Chapter 13

1K 78 9
                                    

Happy Reading!!!!

****

"Apa dengan lo membatalkan pernikahan dengan Cesil, gue akan bersedia menikah sama lo?" Sherlyta yang baru saja datang berniat untuk mengunjungi kedua orang tua Samuel di kagetkan dengan permintaan Samuel yang menurutnya gila.

"Ingat Sam pernikahan lo kurang dari empat minggu lagi, semuanya sudah terencana. Bahkan gue mati-matian jahit gaun dan jas untuk pernikahan kalian. Dan sekarang lo seenaknya mau batalin hanya karena janji masa lalu lo terhadap gue?" Sherlyta menggelengkan kepala tak habis pikir. "Jangan gila, Sam! Gue sudah bilang 'kan kalau gue udah merelakan lo?!"

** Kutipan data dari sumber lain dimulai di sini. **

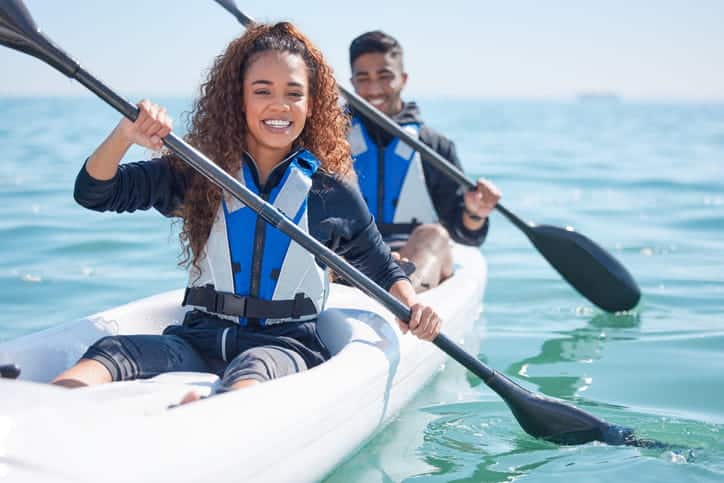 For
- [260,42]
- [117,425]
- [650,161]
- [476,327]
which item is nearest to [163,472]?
[117,425]

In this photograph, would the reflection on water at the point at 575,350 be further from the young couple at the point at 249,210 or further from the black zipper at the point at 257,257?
the black zipper at the point at 257,257

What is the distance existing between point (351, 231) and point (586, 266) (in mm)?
1909

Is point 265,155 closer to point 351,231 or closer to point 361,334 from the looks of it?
point 351,231

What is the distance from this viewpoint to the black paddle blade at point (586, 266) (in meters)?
4.27

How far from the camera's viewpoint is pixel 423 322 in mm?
2703

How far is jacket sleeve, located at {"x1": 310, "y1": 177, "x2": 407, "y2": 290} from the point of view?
267cm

Samuel diam sambil memegangi pipi kanannya yang tadi sempat mendapatkan tamparan keras dari Sherlyta.

"Lanjutkan pernikahan lo, Sam. Jangan cuma karena gue, lo nyakitin Cesil bahkan mengecewakan semuanya. Lo udah tahu gimana marah dan kecewanya Bunda sama Ayah. Sekarang coba lo pikirkan gimana kecewa dan juga marahnya keluarga Cesil karena lo membatalkan pernikahan ini? Dan coba lo pikir bagaimana marah dan kecewanya Cesil saat dia tahu, gue penyebab dari tindakan bodoh lo?" Sherlyta menggelengkan kepala, dirinya sendiri bahkan enggan membayangkan hal itu. "Apa lo pikir dengan begitu gue bakal bahagia? Lo salah, Sam. Yang ada gue malah semakin benci sama lo."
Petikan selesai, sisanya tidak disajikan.